Menuju konten utama
Kinerja Kepolisian

Dugaan Setoran Anggota Brimob & Sistem Manajemen SDM yang Buruk

Anggota Polri mengeluh di medsos marak dua tahun belakangan. Ini adalah fenomena puncak gunung es terkait layanan internal.

Dugaan Setoran Anggota Brimob & Sistem Manajemen SDM yang Buruk
ILUSTRASI. Personel Brigade Mobil (Brimob) Polda Jambi mengikuti apel sebelum diberangkatkan di Mapolda Jambi, Jumat (30/8/2019).

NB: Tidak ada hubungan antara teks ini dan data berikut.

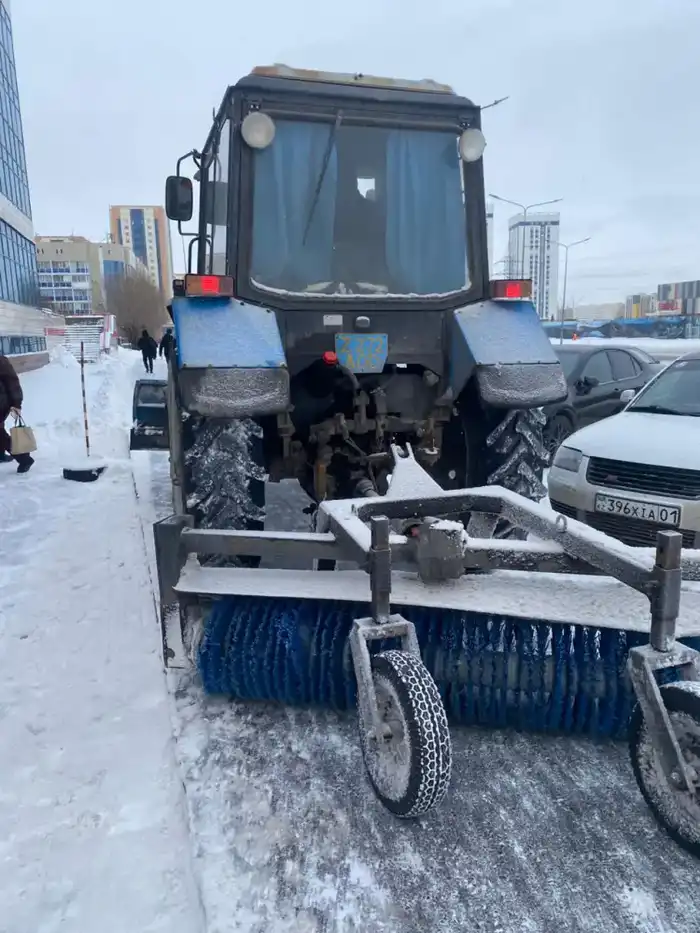Снежный шторм в Астане: коммунальщики вывезли 24 тысячи кубометров зимнего покрова за одну ночь Павлодаре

ANTARA FOTO/Wahdi Septiawan/hp/am.

tirto.id - Bidang Profesi dan Pengamanan (Propam) Polda Riau mengusut dugaan Bripka Andry Darma Irawan, anggota Brimob Batalyon B Pelopor Polda Riau, yang membongkar aksi atasannya meminta mencarikan uang untuk disetorkan hingga Rp650 juta.

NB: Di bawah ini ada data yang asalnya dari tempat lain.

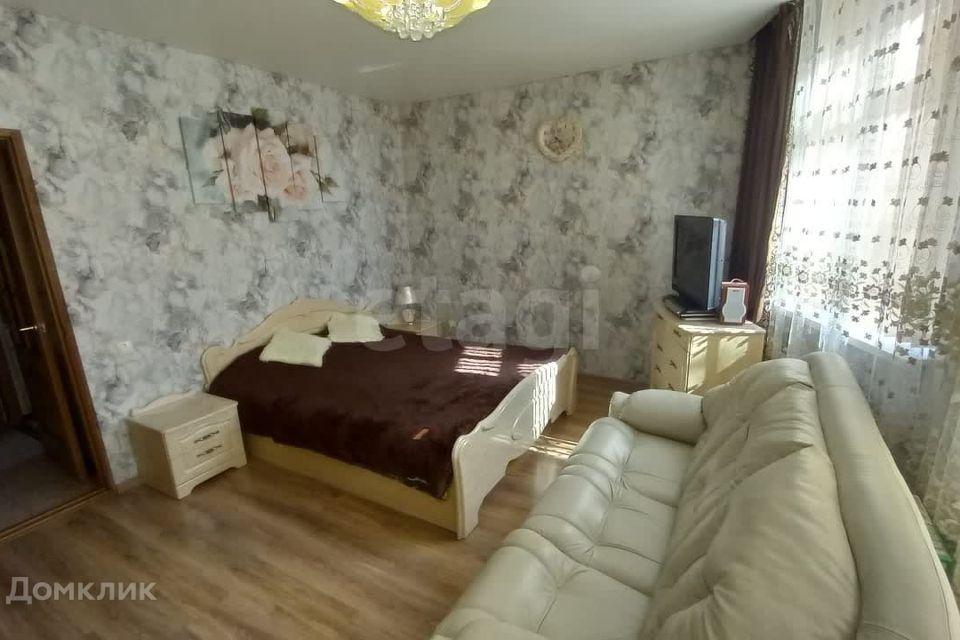 Продаётся 1-комнатная квартира, 38.3 м²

“Bidpropam Polda Riau saat ini masih mendalami persoalan tersebut lebih lanjut,” kata Kabid Humas Polda Riau, Kombes Pol Nandang Mu'min Wijaya, ketika dihubungi reporter Tirto, Selasa, 6 Juni 2023.

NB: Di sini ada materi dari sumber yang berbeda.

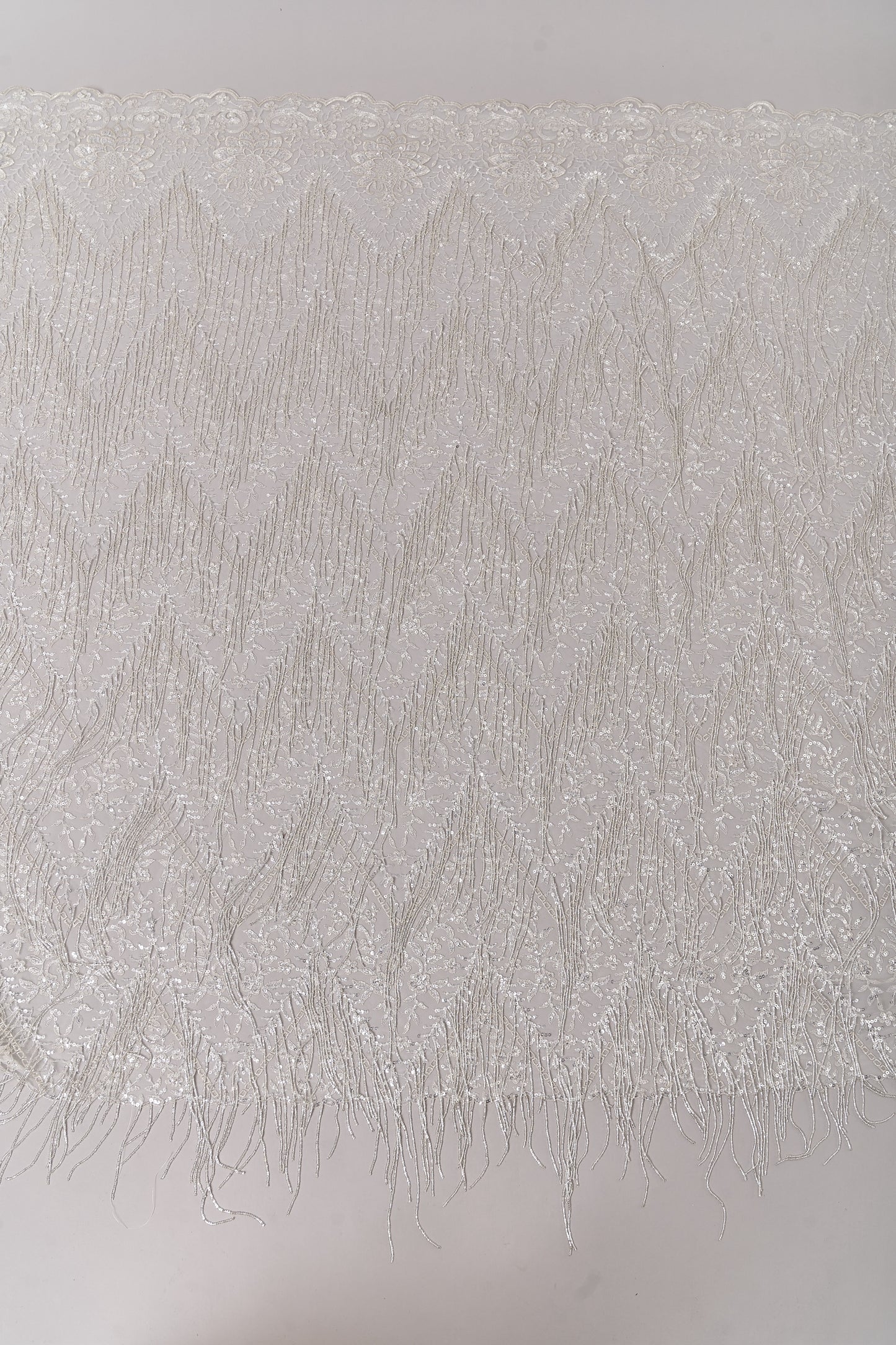 S0676 TUL BORDADO CON FLECOS, LUREX, CANUTILLOS Y LENTEJUELAS SILVER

Kasus ini bermula dari curhat Bripka Andry pada akun Facebook-nya. Ia dimutasi dari Batalyon B Pelopor ke Batalyon A Pelopor di Pekanbaru. Surat Perintah Mutasi bertanggal 3 Mei terbit, lima hari berikutnya ia menghadap kepada jajaran batalion baru.

Bripka Andry juga membeberkan bahwa sejak Oktober 2021, Kompol Petrus Hottiner Simamora selaku Komandan Batalyon (Danyon), meminta bantuannya untuk mencari dana dari luar kantor. Dia mengaku menjalankan perintah itu dan berkoordinasi dengan rekan-rekannya.

“Sampai Februari 2023, saya sudah mengirimkan sejumlah Rp650 juta ke rekening pribadi Danyon,” tulis Bripka Andry.

Meski telah menuruti perintah atasannya, Bripka Andry dimutasi. Sebelum dimutasi, Kompol Petrus meminta Bripka Andry mencari uang Rp53 juta untuk membeli lahan, namun ia hanya dapat menyerahkan Rp10 juta kepada si bos.

Terkait kasus ini, Kabid Propam Polda Riau, Kombes Pol Johanes Setiawan menyatakan, pihaknya memeriksa delapan saksi perkara duit setoran ini. Termasuk meminta keterangan Bripka Andry soal setoran, masalah disiplin, kabur dinas, dan desersi.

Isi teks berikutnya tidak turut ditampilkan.